Apr 21, 2021 Letters
I write to thank N. Sahadeo (KN Apr. 20) making reference to my name for my writings and in the appeal for politicians and the public to stop burying their head in the sand and to confront head on the ugly history of governance, public policy, and ethnic relations.
Sahadeo identified some critical issues that need commissions of inquiry being national service, Wismar Massacre, and the Indian Immigration (Cultural) Fund. There are many others. African and Indigenous issues must also be addressed. Successive governments since the restoration of democracy in October 1992 have not touched on these issues apparently viewing them as hot powder keg or just hoping they would go away. They have not gone and will not go away. The sooner these troubling grievances are tackled, the sooner there would be reconciliation and healing, and the sooner we can address national development challenges. Not addressing them is a powder keg in the face of politicians.

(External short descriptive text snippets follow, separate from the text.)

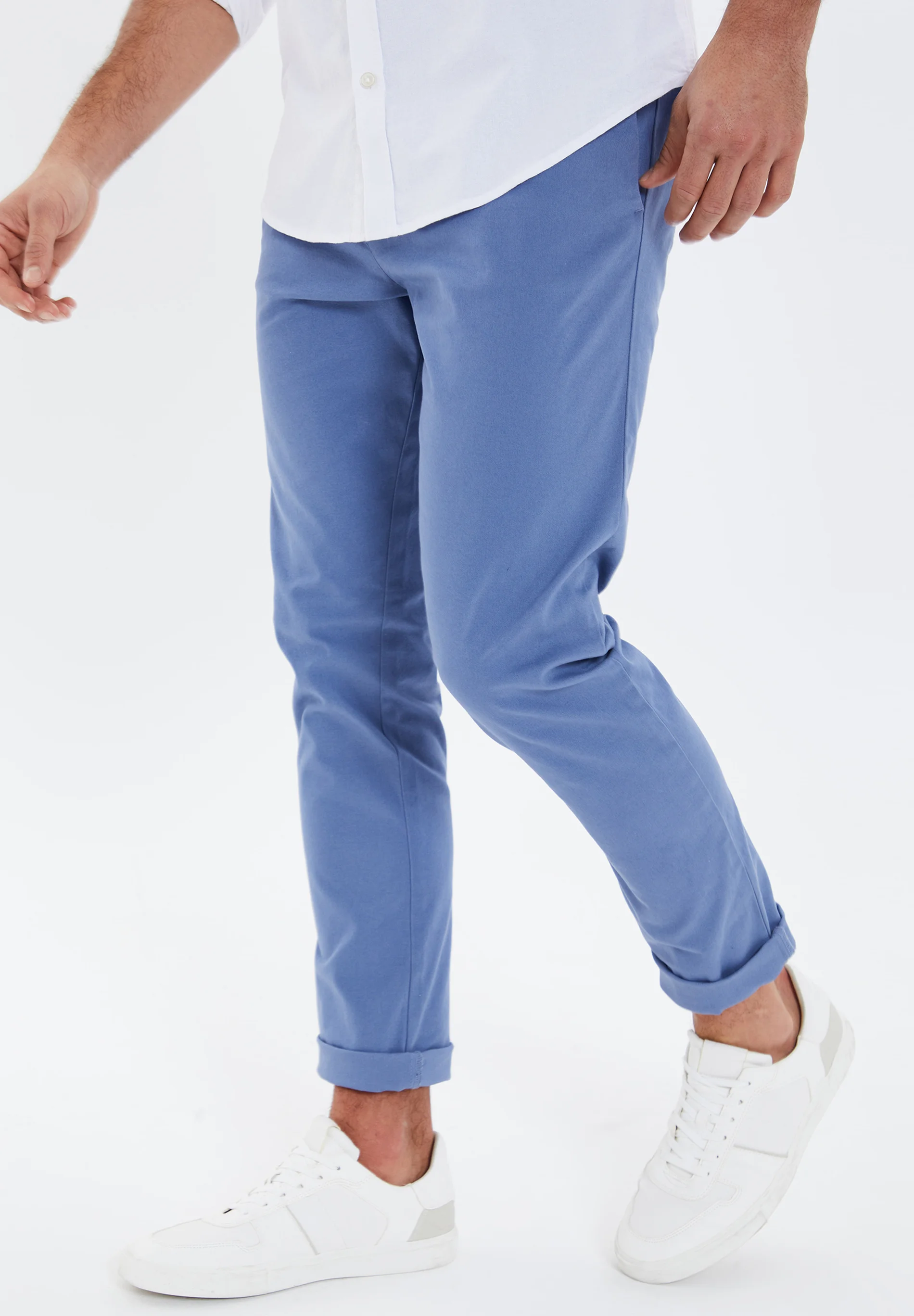 Threadbare STRETCH MARLEY - Chino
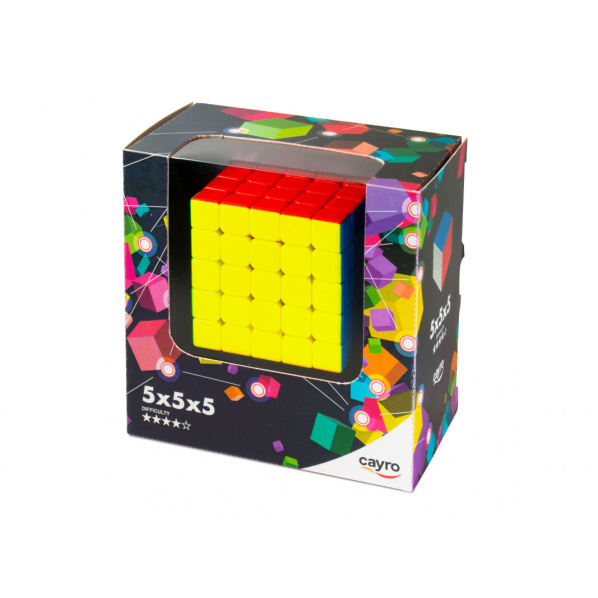 Cayro YJ8368 - CUBO 5x5 CLASSIC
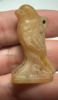 Picture of ANCIENT EGYPT. LATE PERIOD. HUGE STONE AMULET OF A FALCON. 600 - 300 B.C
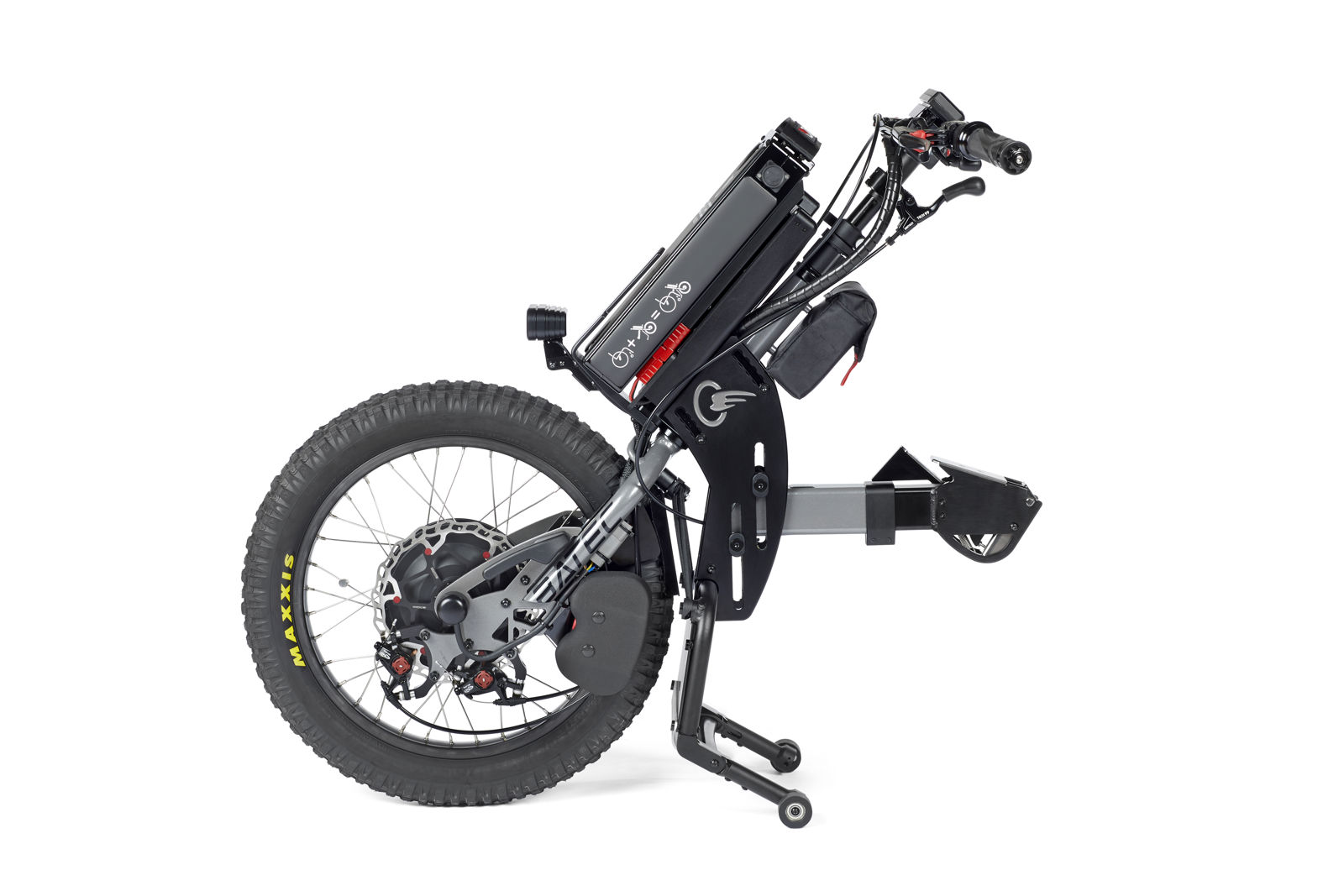 Batec Scrambler 2 Plus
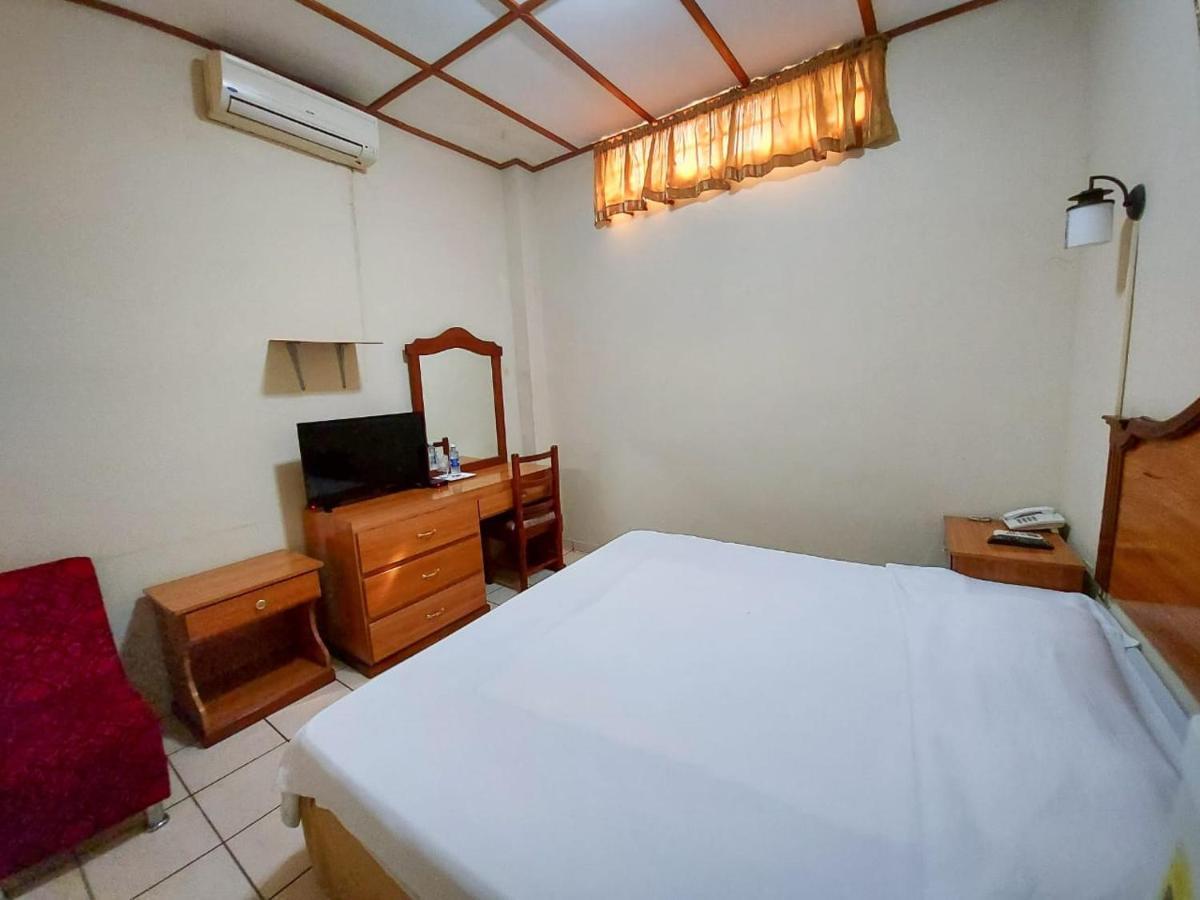 Hotel Continental Plaza San Miguel Dış mekan fotoğraf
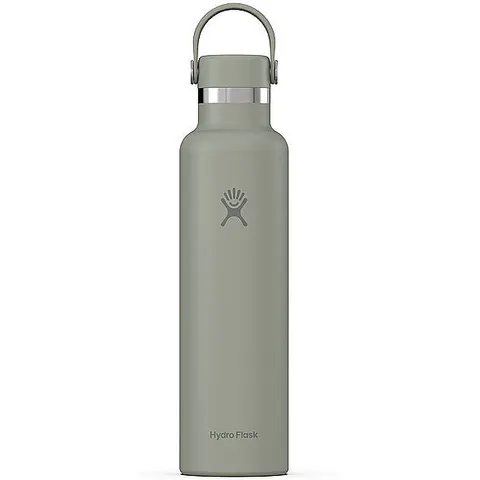 HYDRO FLASK Trinkflasche Standard Flex 710ml olive B – Bild 2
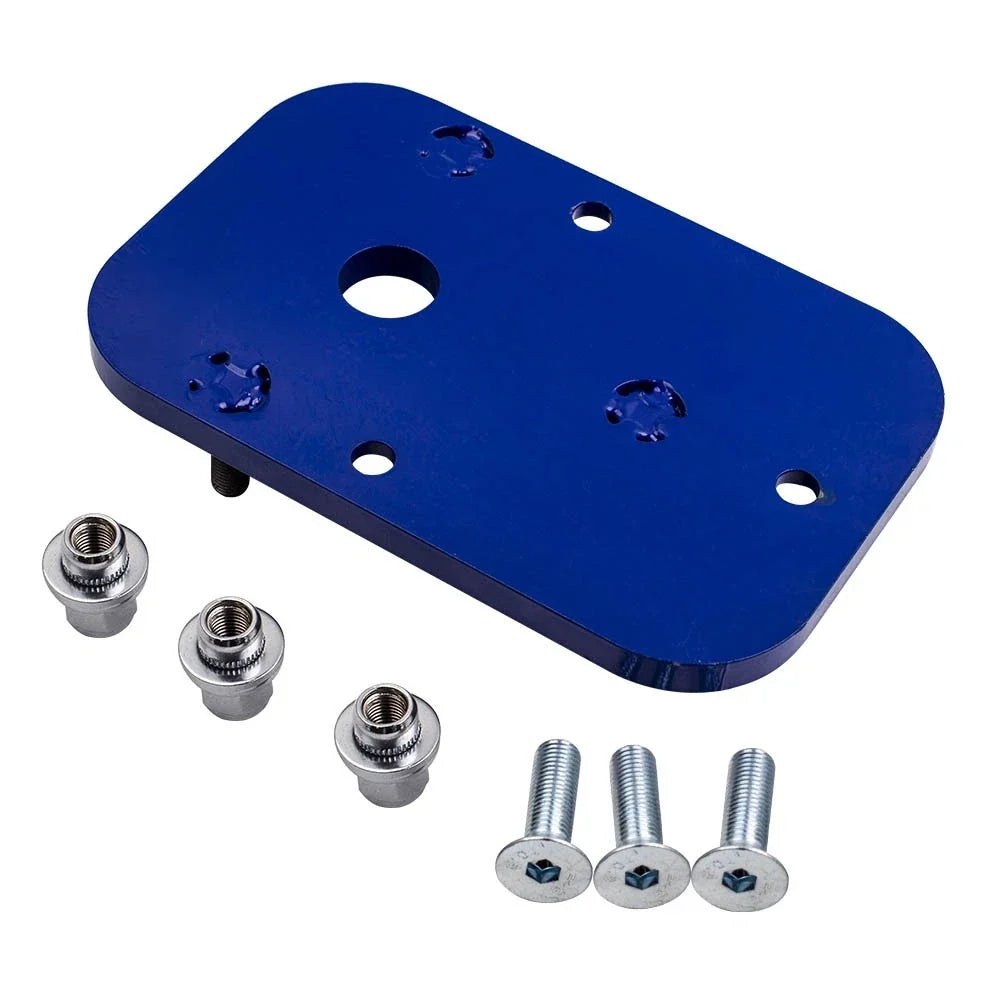 Spare Wheel Lift Kit 55mm for Mitsubishi Pajero (2008–2017)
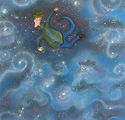 Selfie in Space © DTNoll 4-15 דורונול.JP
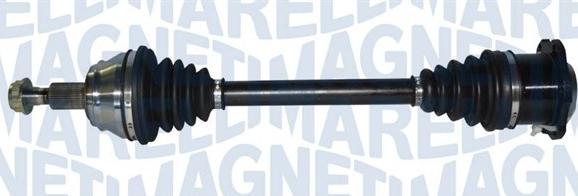 Magneti Marelli 302004190291 — Wał napędowy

KN and other media should be applauded for allowing the public freedom to express their views on these critical issues that have been obstacles to improved ethnic relations and rapid development. KN is about the only media that provides absolute freedom of speech on very important subjects.
The issue of Indian Immigration Fund that was used without widespread consent and approval to build Burnham National Culture Centre has been repeatedly raised by Indian cultural organisations and rights activists. But there has not been much action on the debate with successive governments preferring to ignore the past in order to move — let the past be!
Sahadeo used very strong language penning that Burnham ‘stole the Indian cultural fund’ to build his cultural centre for his supporters. Burnham coerced the few Indians allied with him to redirect the private Indian Immigration fund for the construction of the national cultural centre. Every Indian cultural and religious organisation, save one, and almost every prominent Indian political leader, including Dr. Jagan, opposed the move. Many felt the money should have been used to construct mini Indian cultural centres in villages around the country that would directly serve the needs of communities. A national cultural centre in Georgetown would exclude communities that live away from town; over 90 percent of Indians have lived far distances from Georgetown and could not or would not access the national centre. There was and is no way that communities in Essequibo or Berbice or miles from Georgetown like West Coast or West Bank or Timehri would benefit from a cultural centre in the capital city. It was, therefore, unjust and unwise to use the Indian immigration cultural fund for construction of a national centre that would not benefit Indian communities whose inherited fund built that edifice.
The issue before the Indian community is whether to seek compensation from the government for the use and depletion of their national fund, especially that which was used without their voluntary consent and approval. Of course, any compensation would have to be in equivalent current dollar value which would probably amount to hundreds of millions if not billions in current dollars when interests are added to it.